In addition to the three things related to Kähler’s work, there is one further element in Bultmann’s thinking that needs to be considered at this point: the significance of the historical Jesus for an individual’s self-understanding, or understanding of existence. Bultmann espouses an existentialist understanding of historiography, whereby the individual enters into dialogue with the past, and is challenged by an understanding of existence (self-understanding) from the past which becomes significant to him in the historicity of his own existence. So in the case of the historical Jesus there is an understanding of existence (self-understanding, not self-consciousness) revealed in his teaching which challenges us in terms of our understanding of our own existence. Hence, Bultmann writes a Jesus book, Jesus and the Word, from this perspective.

Three things, however, must be said at this point:

(a) As the subject of this existentialist historiography Jesus is not unique. A similar study, with similar consequences in terms of a possible challenge to our understanding of existence, could be carried out in connection with any figure from the past for whom we had sources: Socrates the philosopher, or even Attila the Hun, as well as Jesus the Christ.
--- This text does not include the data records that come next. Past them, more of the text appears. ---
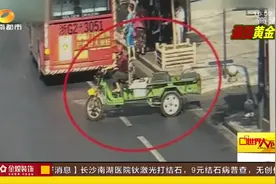 废旧洗衣机内藏十万元黄金，失主以50元卖出，事后肠子悔青视频封面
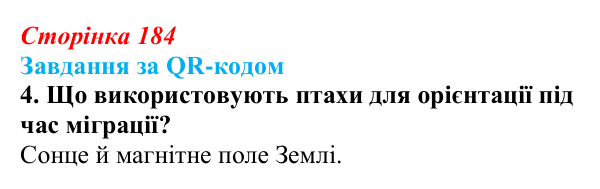 Відповідь до завдання за QR-кодом, завдання 4 (с. 184) з біології для 9 класу, Тагліна 2026: Екологічні чинники...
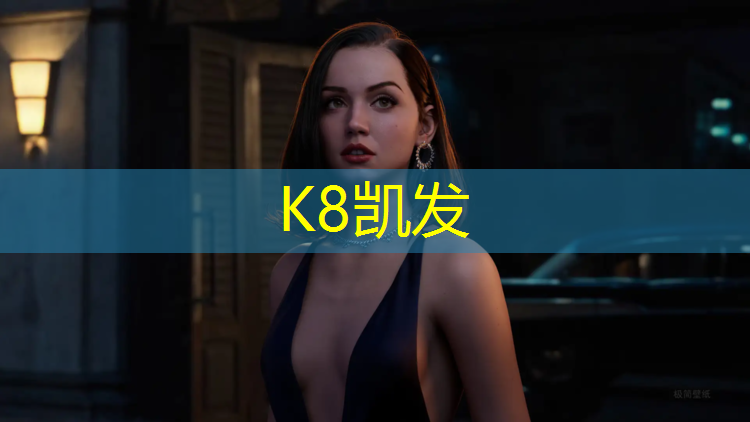 K8凯发国际官方网站：塑胶跑道类别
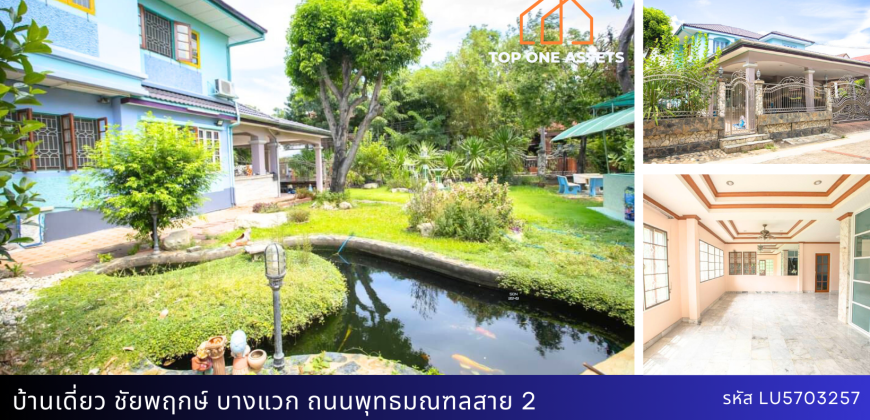 บ้านเดี่ยว ชัยพฤกษ์ บางแวก พุทธมณฑลสาย2 มีสวน มีบ่อปลาคาร์ฟขนาดใหญ่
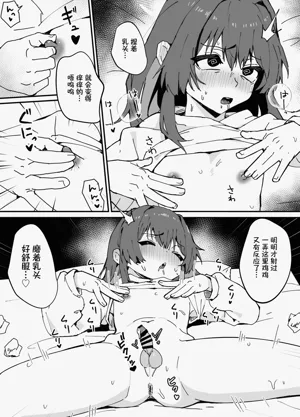 第22頁圖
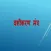 Vashikaran-Specialist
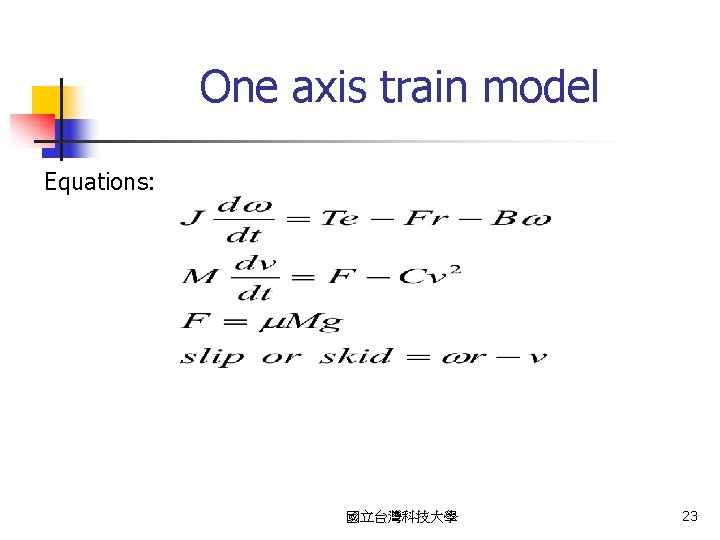 One axis train model Equations: 國立台灣科技大學 23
(b) This historiographical challenge to our self-understanding is not for Bultmann the challenge to faith, not even though the challenge to faith could be, and is, expressed by him in similar existentialistic terminology. He himself stresses the facts that the Jesus of history is not kerygmatic and that his book Jesus and the Word is not kerygma, because the essential aspect of the kerygma is that Christ is present in it as eschatological event, and Christ is not so present in existentialist historiographical studies of the historical Jesus. If he were, then they would cease to be existentialist historiographical studies and become kerygma.

(c) This type of study of Jesus is to be sharply distinguished from the liberal Quest. In the liberal Quest attempts were made to reach, and to understand, the psychology and personality of Jesus (i.e. his self-consciousness) which was an endeavour both impossible (no sources) and illegitimate (use of analogy), whereas in the Bultmann study the concern is with the understanding of existence (self-understanding) revealed in the teaching of Jesus.

We should perhaps attempt to clarify this distinction between self-understanding and self-consciousness which Bultmann makes. It is difficult to grasp, and it becomes important in the post-Bultmannian debate. By self-understanding Bultmann means the understanding to which the self comes concerning the nature of its historical existence. In his History and Eschatology, originally written in English, he often uses the expression in close connection with the untranslatable German word Weltanschauung, and it is to be understood as referring to a person considering the existence which is his and reaching an understanding of it in all its historicity. The actual word in German is Existenzverständnis, and James M. Robinson has properly urged that the English ‘understanding of existence’ should be used to express it. (J. M. Robinson, ‘The New Hermeneutic at Work’, Interpretation 18 [1964], 347-59, esp. 358.) The difficulty lies in grasping the fact that it means the understanding of the self’s own existence, but, at the same time, it does not mean the process of experience, reflection, decision, and so on, by means of which that understanding is reached; that would be self-consciousness. Similarly, it refers to the understanding of existence which an individual comes to have, but it does not refer to the conscious decisions to which this understanding leads and in which it may be expressed; this, again, would be self-consciousness. The self-understanding of Jesus is a legitimate concern for the historian, because it can be deduced from his teaching. The self-consciousness of Jesus, however, is not a legitimate concern, because we have no sources for such knowledge, and when we supply the deficiency by analogy from other historical individuals, we are psychologizing about Jesus.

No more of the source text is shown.